Employers commonly compare and rely on the relative performance of employees in making many employment-related decisions, including promotion and termination decisions. Employee performance is a legitimate, non-discriminatory reason for making such decisions. When making performance-based employment decisions, it is important to review an employee’s evaluations and that they accurately reflect any performance deficiencies. A recent federal court decision provides a reminder of the importance of considering evaluations when making performance-based decisions and the danger of ignoring an employee’s positive evaluations and basing a performance-related decision on performance problems not reflected in them.

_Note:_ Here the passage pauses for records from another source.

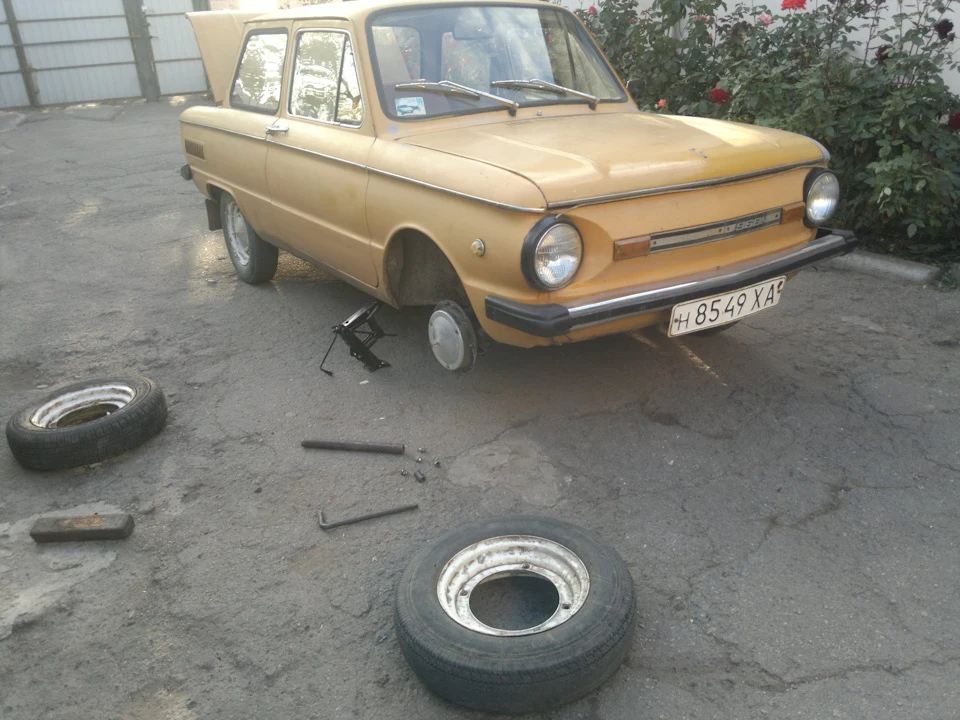 Детальний огляд автомобіля після покупки.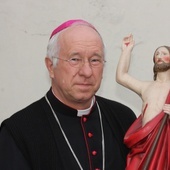 "To są święta życia i dobra, nadziei i miłości" - napisał bp Andrzej F. Dziuba.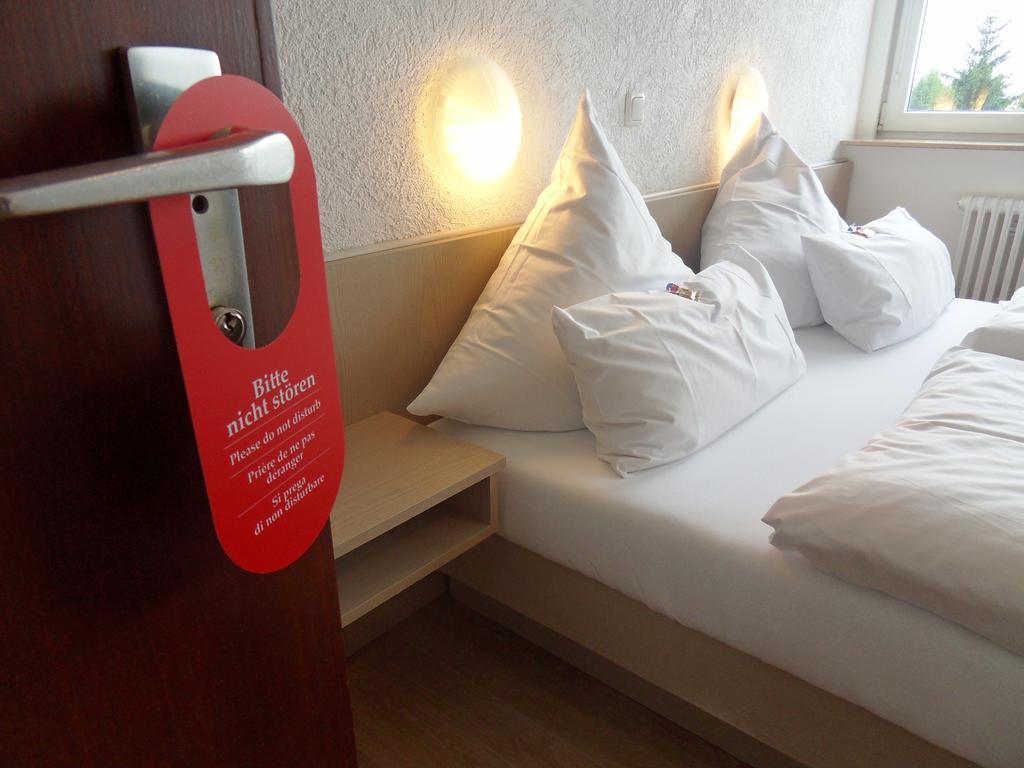 וייטרשטאדט Hotel Linnert חדר תמונה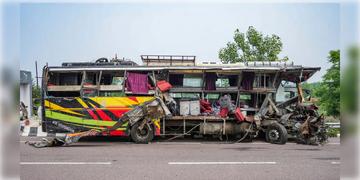 Read more about - Unnao Bus Accident । মিল্ক কন্টেনারের সঙ্গে ধাক্কা লেগে দুমরে-মুচড়ে গেল ডবল ডেকার বাস! সংঘর্ষে মৃত্যু কমপক্ষে ১৮যাত্রীর!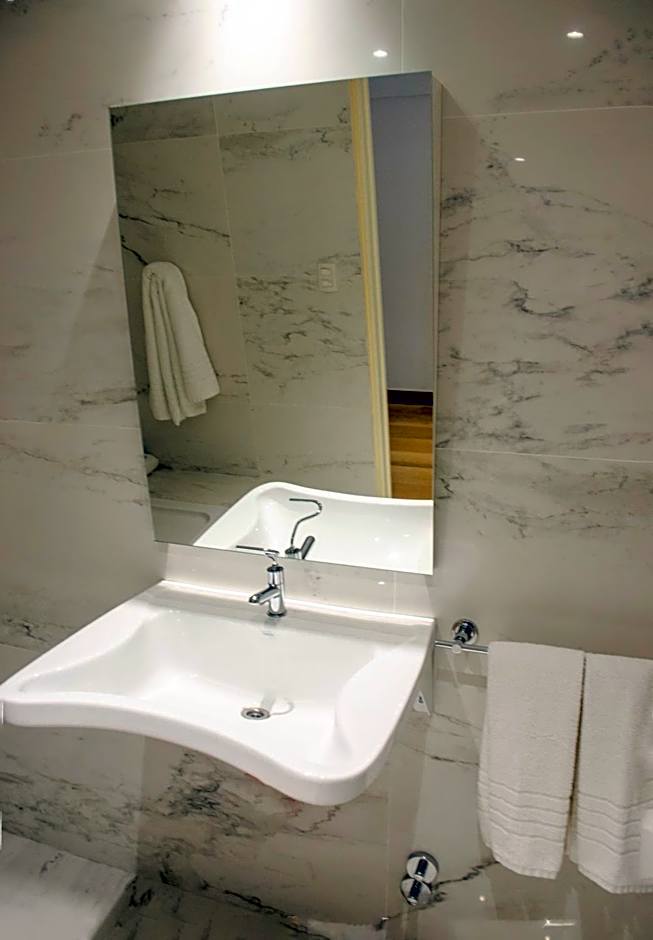 Avellaneda Aparts & Suites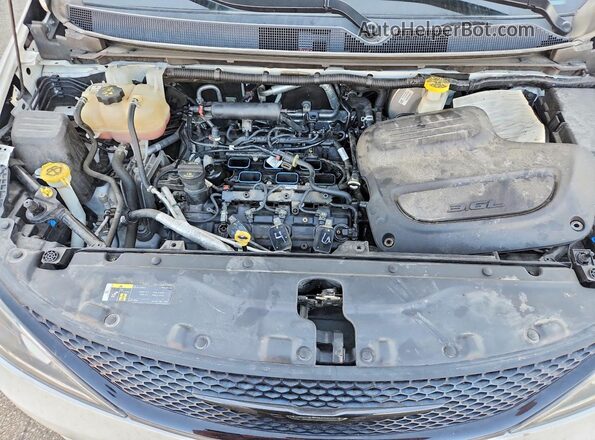 2C4RC1EGXKR613990 2019 CHRYSLER PACIFICA White Вид підкапотного простору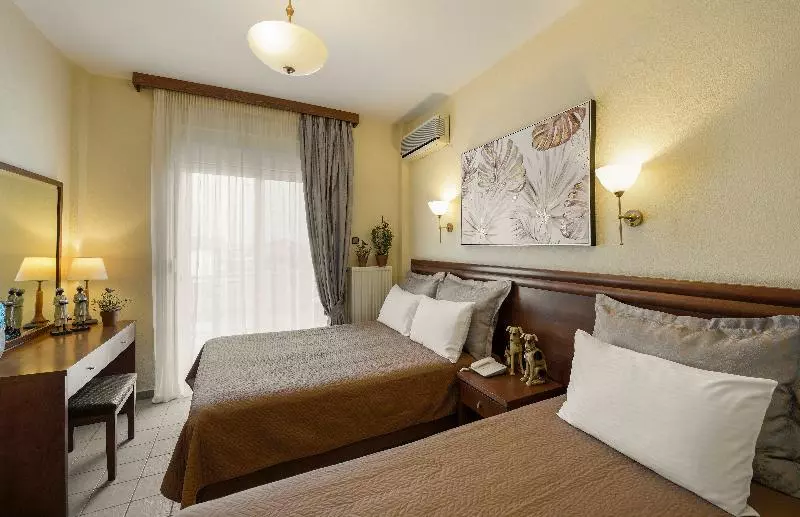スタンダードトリプルルーム, Alkyonis Hotel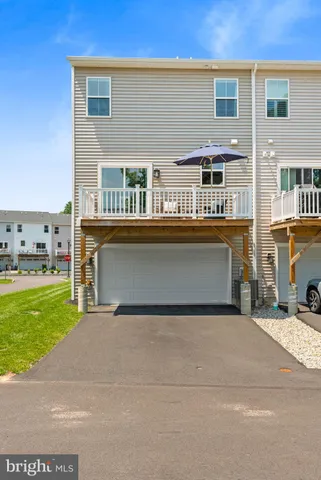 $575,000 | 4811 Lincoln Alley, Pipersville, PA 18947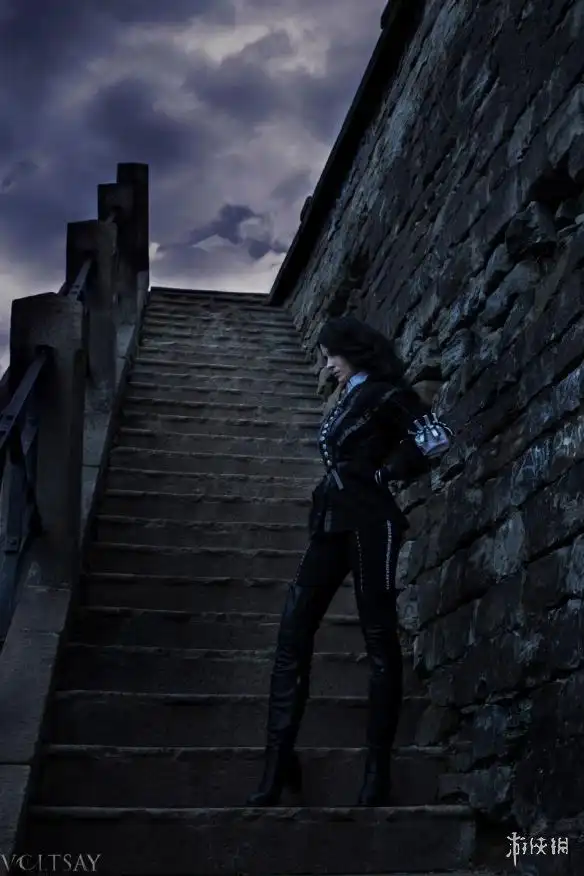 《巫师3》叶奈法神级cos 眼神犀利细节精致神还原!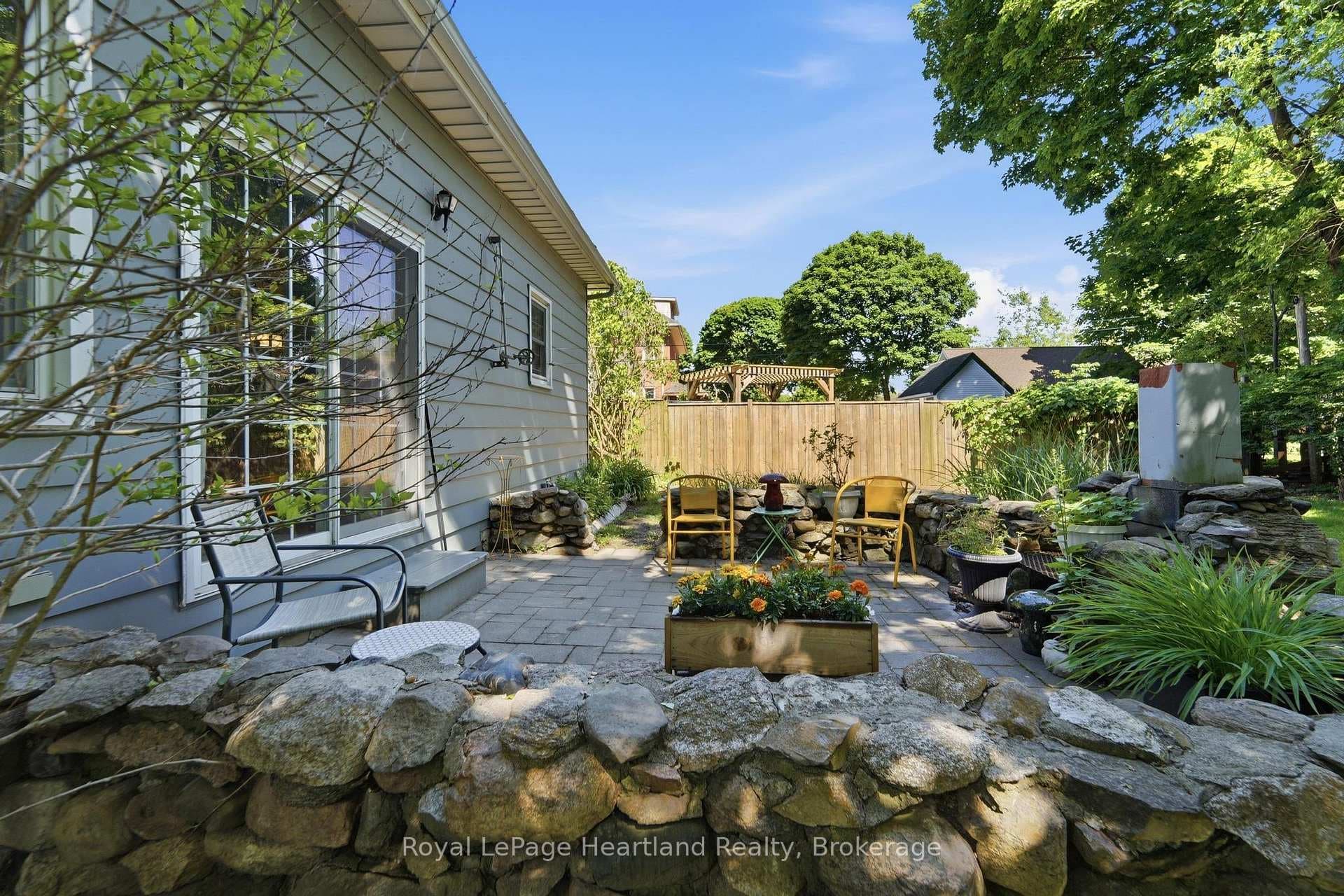36 Trafalgar Street photo 37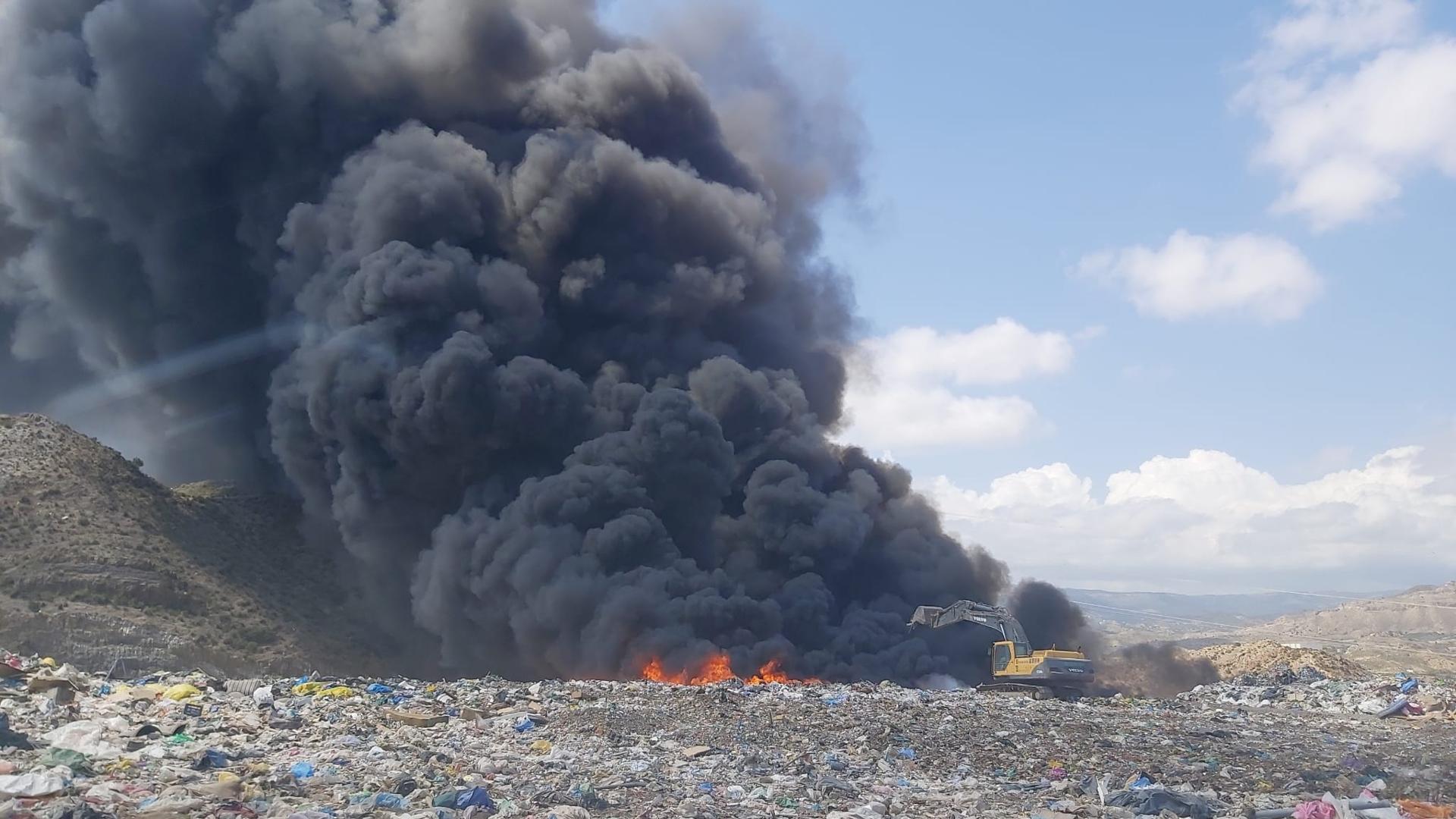 Incendio declarado en el vertedero de Xixona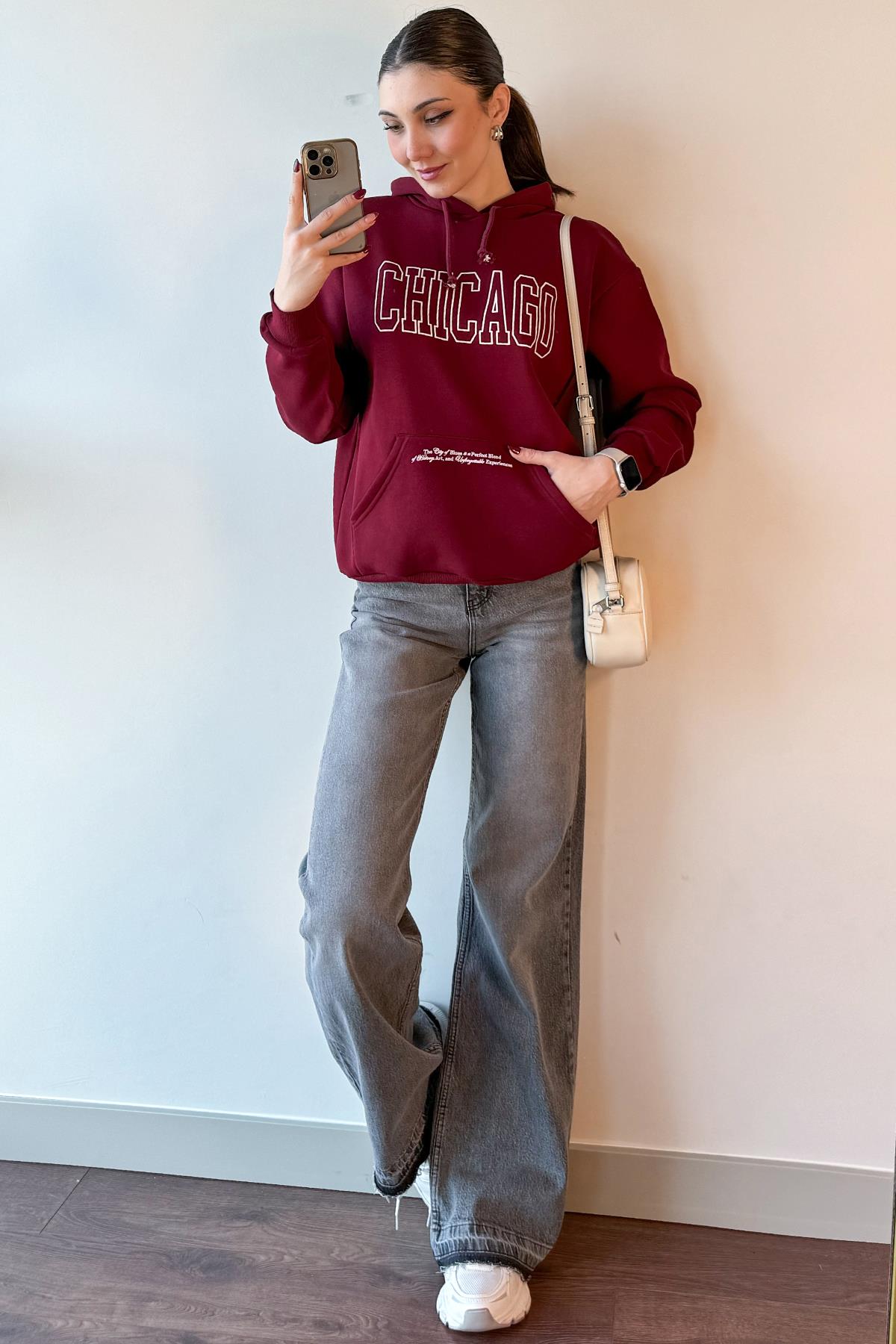 Bordo Chicago Baskılı Cepli Kapüşonlu Sweatshirt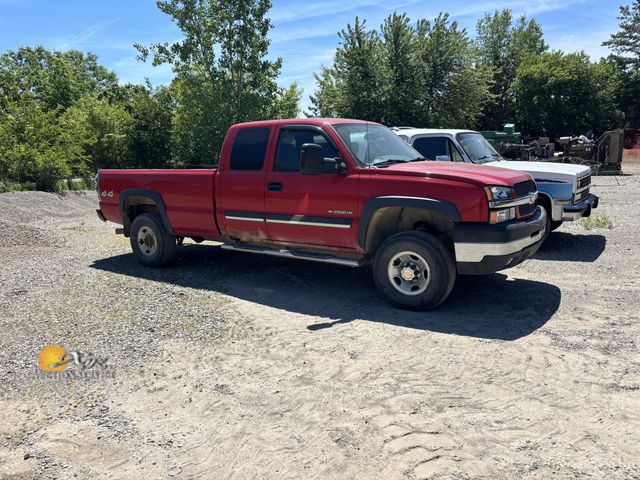 Lot 83-1016 - 2004 Chevrolet 2500 HD Extended Cab Pickup Truck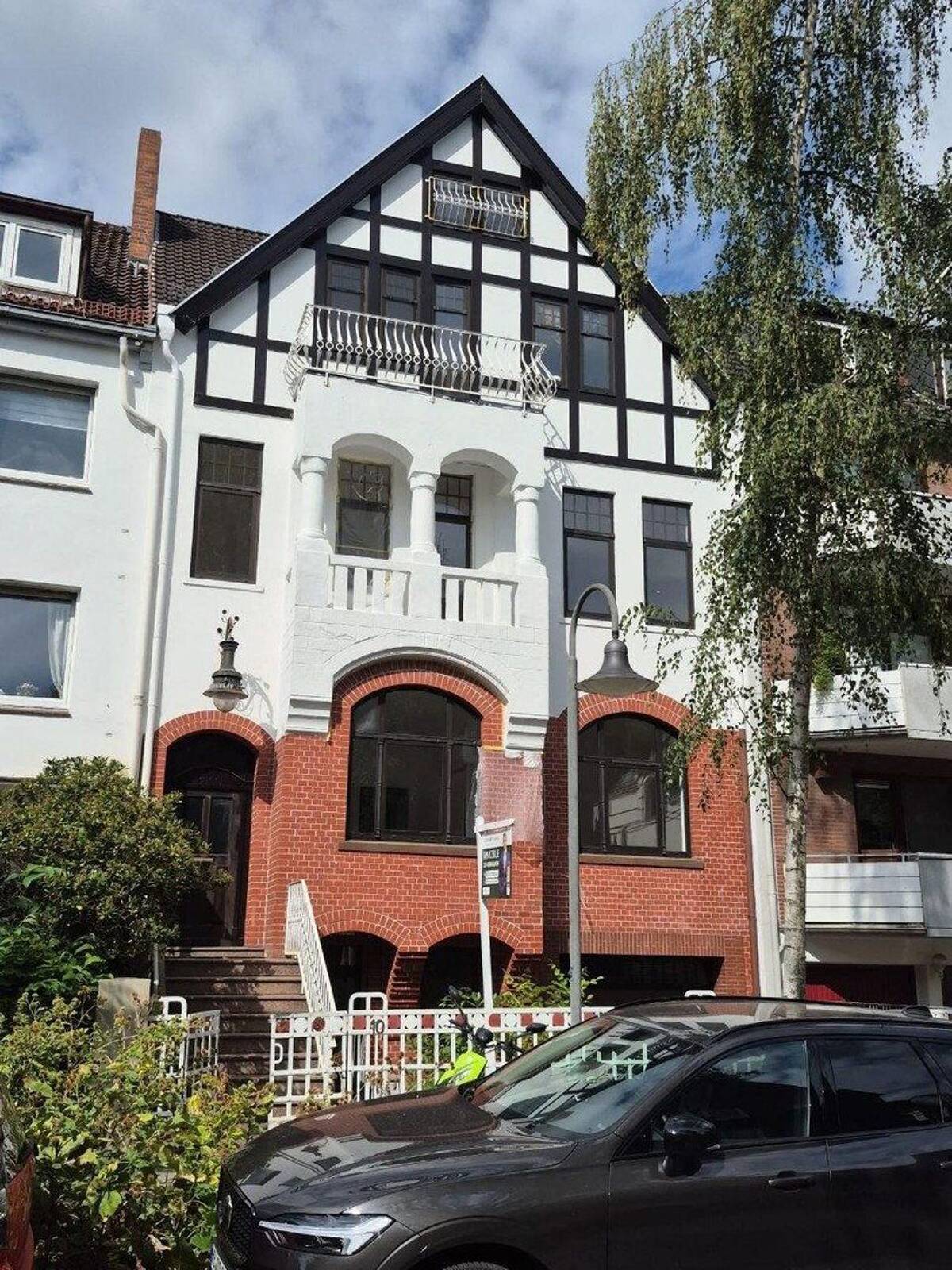 Bremen-Schwachhausen | Exklusive 4-Zimmer-Altbauwohnung, 105 m², 2 Balkone, provisionsfrei – 28209 Bremen – Bild 1 von 9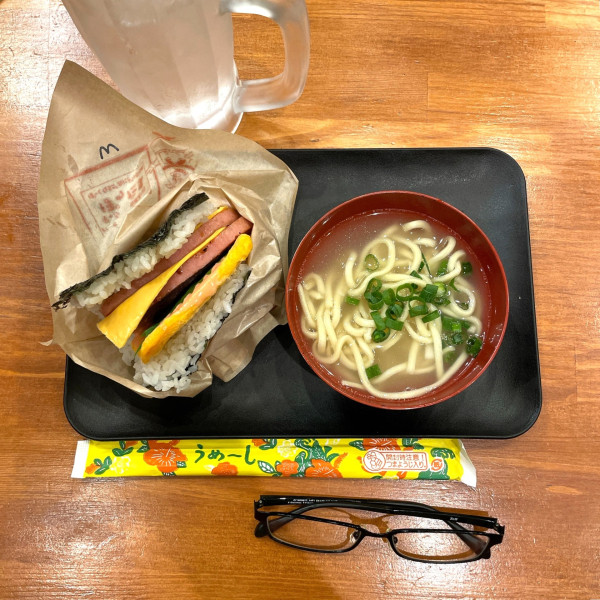 「沖縄そば（小）」@パーラー星ヶ丘 ぽったま 国際通り店の写真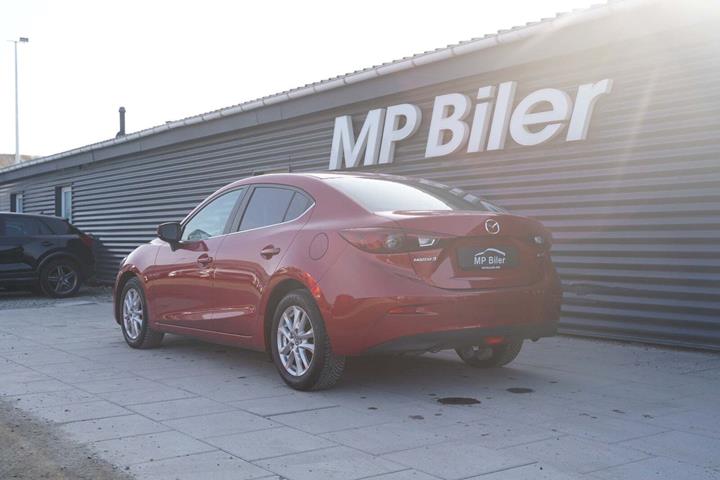 Rød Mazda 3 fra 2018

In the case of Chlystek v. Donovan, No. 11-11928, 2013 U.S. Dist. LEXIS 54444 (E.D. Mich. Apr. 16, 2013), the plaintiff was a 51-year-old employee of the Department of Housing and Urban Development (HUD) who was passed over for a promotion to the position of senior project manager in favor of a younger, less-experienced co-worker in his mid-20s. At the time he applied for the promotion, the plaintiff had worked for HUD for 16 years and had always received what the court described as “glowing” evaluations. He also had a college degree, an MBA, a certificate in housing and community development, and 13 years of experience as a project manager. The co-worker, who was selected for the senior project manager position, had worked for HUD for only two years immediately after graduating from college. When the plaintiff asked why he did not get the promotion, his supervisors gave him a variety of non-specific and changing explanations, of which included telling him that he was too “compassionate” while the selected co-worker was more “aggressive,” he had a “history of being argumentative,” and that he did not follow directives from supervisors. His supervisors also told him that the decision was based “on the basis of relative ability, knowledge and skills.”
After discovery was completed, HUD moved for summary judgment dismissing the employee’s case, which the court denied. In deciding to let the case go forward to a trial, the court found that the employee had presented sufficient evidence from which a jury could find that HUD’s explanation, that it promoted the co-worker instead of him because the co-worker was better qualified, was a pretext for age discrimination. In support of its decision, the court relied on the fact that not only were the descriptions of the plaintiff’s performance problems, that HUD relied in court, nowhere mentioned in his evaluations, but that in many cases, his evaluations rated him positive for the same attributes that HUD claimed in court were deficient. Because HUD’s claims made in court about the plaintiff’s performance were at odds with what HUD said about his performance in his evaluations, the court found that a jury could conclude that the reasons HUD proffered in court for its decision not to promote the plaintiff were merely after-the-fact justifications that were intended to mask age discrimination.
The court’s decision highlights the importance of employee evaluations in discrimination cases. To increase the likelihood that employee evaluations will help rather than hurt when defending a discrimination claim, employers should ensure that employee evaluations are completed objectively and accurately, and that performance-based employment decisions are appropriately documented. Supervisors should avoid giving positive or “glowing” evaluations just to avoid the discomfort of having to confront an underperforming employee. Evaluations should also be reviewed and revised as necessary so that they actually evaluate those traits that are important in evaluating job performance. Lastly, when defending a discrimination claim, employers should avoid relying on explanations that could be perceived as simply being after-the-fact justifications.